▶ [Task details] Could you repeat the records below exactly, leaving the pictures out?
---------- Information shown ----------
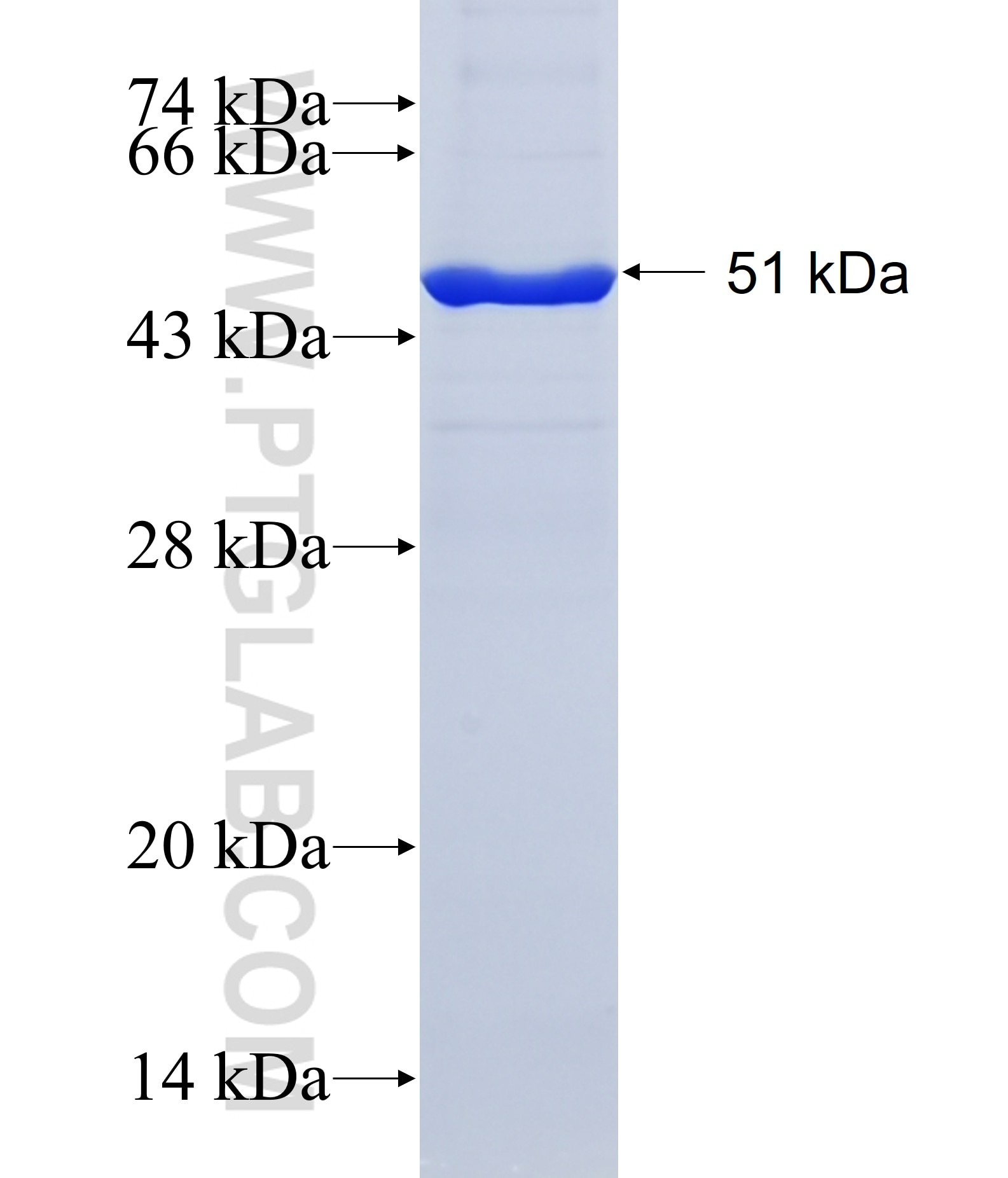 RAB42 fusion protein Ag38592 SDS-PAGE RAB42 fusion protein Ag38592 SDS-PAGE
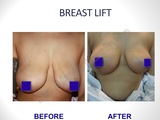 Breast Lift Surgery in Delhi, India, Best Breast Surgeon in Delhi by Dr Ajaya Kashyap, New Delhi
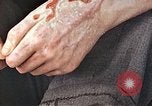 Standbild männlicher Patient Nagasaki Japan, 1946, aus Sekunde 35 historischem Filmmaterial Videoclip 65675060757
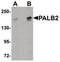 Partner And Localizer Of BRCA2 antibody, PA5-20796, Invitrogen Antibodies, Western Blot image 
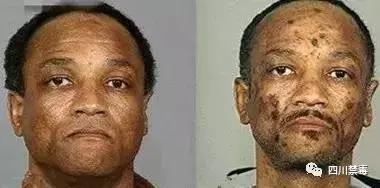 真实的吸毒者有多恐怖,吸毒后的恐怖事件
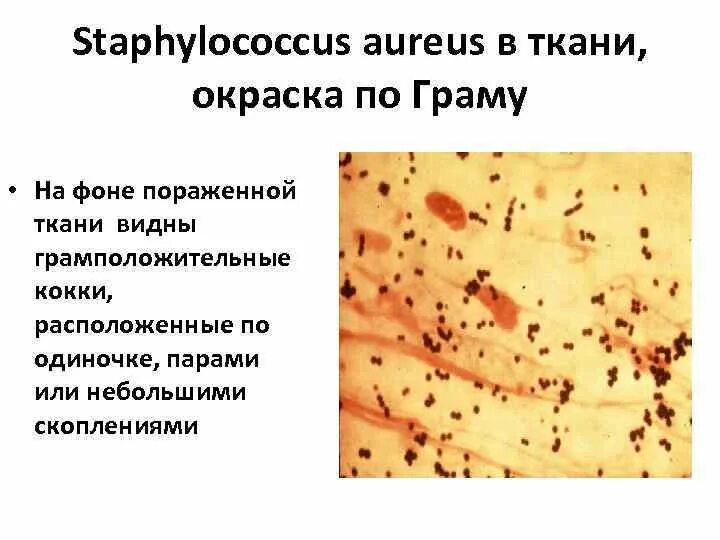 Стафилококки окраска. Staphylococcus aureus окраска по граму. стафилококки окраска по грамму.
----------
▶ [Your solution]
 RAB42 fusion protein Ag38592 SDS-PAGE RAB42 fusion protein Ag38592 SDS-PAGE
 Breast Lift Surgery in Delhi, India, Best Breast Surgeon in Delhi by Dr Ajaya Kashyap, New Delhi
 Standbild männlicher Patient Nagasaki Japan, 1946, aus Sekunde 35 historischem Filmmaterial Videoclip 65675060757
 Partner And Localizer Of BRCA2 antibody, PA5-20796, Invitrogen Antibodies, Western Blot image 
 真实的吸毒者有多恐怖,吸毒后的恐怖事件
 Стафилококки окраска. Staphylococcus aureus окраска по граму. стафилококки окраска по грамму.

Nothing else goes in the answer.